なんとなく詩歌を書くことを恥ずかしいことと捉える風習が世の中にはあります。
鍵付きのノートに書かれたポエムや酔った勢いで投稿したSNS等はいわゆる「痛い」と言われることが多い。

ところで私は趣味で短歌を書いたりしています。

短歌という五七五七七の定型詩の理由としてはひとつに長い散文詩であると始点と終点を決めかねたあげく迷子になってしまうから。
そして五七五の俳句形式だとすっごいセンスを問われちゃうから。
定型に落とし込まない自由律俳句も同じでセンス問われるじゃないですか。
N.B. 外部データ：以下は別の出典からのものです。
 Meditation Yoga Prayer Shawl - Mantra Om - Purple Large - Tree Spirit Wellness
怖すぎ。

咳をしても1人
って自由律俳句があって、これって誰でも書けちゃうけど、誰も書こうとしない瞬間を詩に落とし込もうとしたからこそ評価されていると思うんです。

瞬間を言葉として凍結するのが詩歌です。
ただ言葉ではない瞬間を凍結し表現できる媒体は詩歌だけではなく、写真や音楽もその類であり、良い写真というのは物体だけでなく、それを取り巻く空間ごとを永遠として残せるものですし、音楽も言葉にできないものをメロディーとして音に落とし込み記録して残し永遠にできる媒体です。

私が他の媒体があるその中で詩歌が好きなのは読者が好きに解釈できる文脈があることです。
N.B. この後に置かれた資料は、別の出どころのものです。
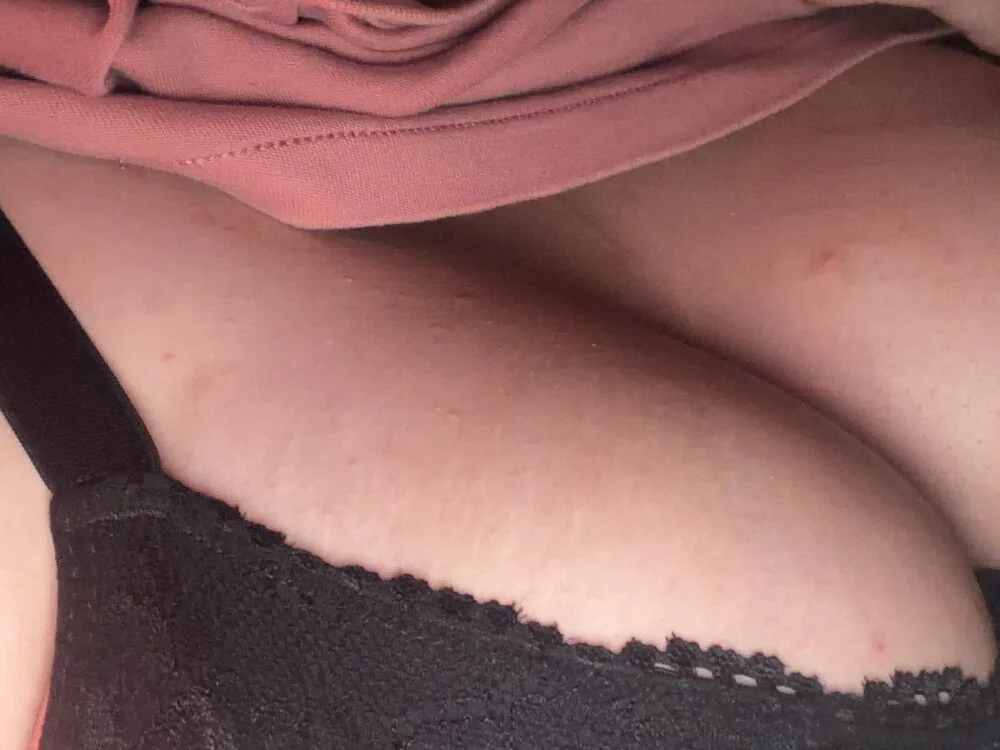 giigiis' Offline XXX Chat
五七五七七では自分が美しいと感じ残したいと思った瞬間全てを凍結することは叶いませんが、ただその短さがその瞬間の美しさを厳選し研ぎ澄ますことができます。
短歌を残せば作り手はそれを見返した時に美しかった瞬間を思い出すことができる。
そういったインデックスのような役割を持つことができると思っています。
読み手は書かれていない文脈に想像を馳せて短歌の解釈を拡大させることができる。

私は古文が苦手でクラシックな古典文学の短歌はわからないんですが、現代短歌というジャンルの口語文で書かれた比較的自由な短歌をよく読んでいます。
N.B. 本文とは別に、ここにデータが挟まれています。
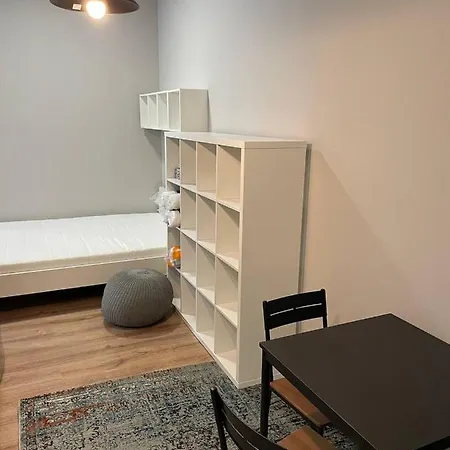 Steelpoint Apartment *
その中でも千種創一という歌人が好きで、手元にある歌集から抜粋すると、

昼過ぎのあなたの寝癖を濡らすとき
指にはくろい炎の絡む

という一つの歌があります。

正直この文章だけではなんのこっちゃって感じです。だから何?で片付いてしまう。

でも深読みすると、昼過ぎに寝癖を直す光景を見ているってことは、同居か恋人か夫婦か恋人かはわからないけど一緒に寝ていたことは確か。しかも昼過ぎに直しているってことは昨日は夜更かししたのか、もしくはそれとも起きたけど昼過ぎまで布団から出なかった。
そういう状況になる2人は少なくとも親密な関係であるという解釈ができます。
寝癖を直す時に指に絡む濡れた髪をくろい炎と表現するところも作り手の世界の見方がわかる面白いポイントですし、その仕草を文学的に表現できるほど観察してるって結構相手のこと好きですよね。

私の解釈する情景は、休日に恋人と布団から出ない気怠い朝を過ごし、空腹のためせっかくの休みだし昼食は外で摂ろうと決め、出掛ける前の恋人の身支度を洗面台に並んで見てるというシチュエーションです。

どきどきするし、幸せそうだし、なんだかほんのり色気がある。えっち。

こういう美しい瞬間を凍結させてお守りみたいに持って生きていけたら、辛いことがあっても美しい瞬間のためまた良く生きようと思えそうな気がします。月並みな感想ですが。